The discovery means that some groups that have historically claimed superiority in a given field due to what was believed to be genetic predisposition toward a certain physical characteristic–muscle mass, for example, or height–will need to, just like everybody else, attribute such perceived shared characteristics to pure coincidence. The same applies to what some have perceived to be shared mental predispositions based on cultural and environmental differences. For example, people that have descended from the area known as Germany have been mistakenly assumed to have superior engineering abilities, as opposed to people that have descended from the area known as Hawaii. The fact that BMWs weren’t invented in Hawaii is pure coincidence, and observing such is now considered a form of “othering.”

In another example, the scientists wrote that it is now considered “othering” to label certain types of food as Chinese, Japanese, Russian, Mexican or what have you.

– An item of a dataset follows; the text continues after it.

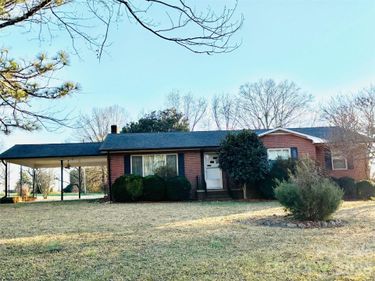 150 Old Georgia Road, Statesville, NC 28625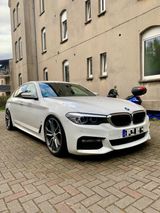 BMW 530e iPerformance |M-Paket|KW V3|H&R|8-Fach - BMW 530 in Bochum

Instead, the correct way to refer to foods that share similar characteristics based on their location would be “food commonly found in China and traditionally prepared by people from that area and markedly different than food prepared by people from Kansas.” While this distinction may prove difficult to use as an identifier, particularly on a restaurant sign, scientists and sociologists suggest that "Food Traditionally Prepared in China" is far preferable to "Chinese Food."


For those that might observe that this breakthrough discovery is yet another way of saying “we’re not in Kansas anymore,” scientists suggest that it would be better to perceive the discovery as indicating that Kansas, any perceived characteristics shared by the people of that area, are purely subjective figments of the imagination.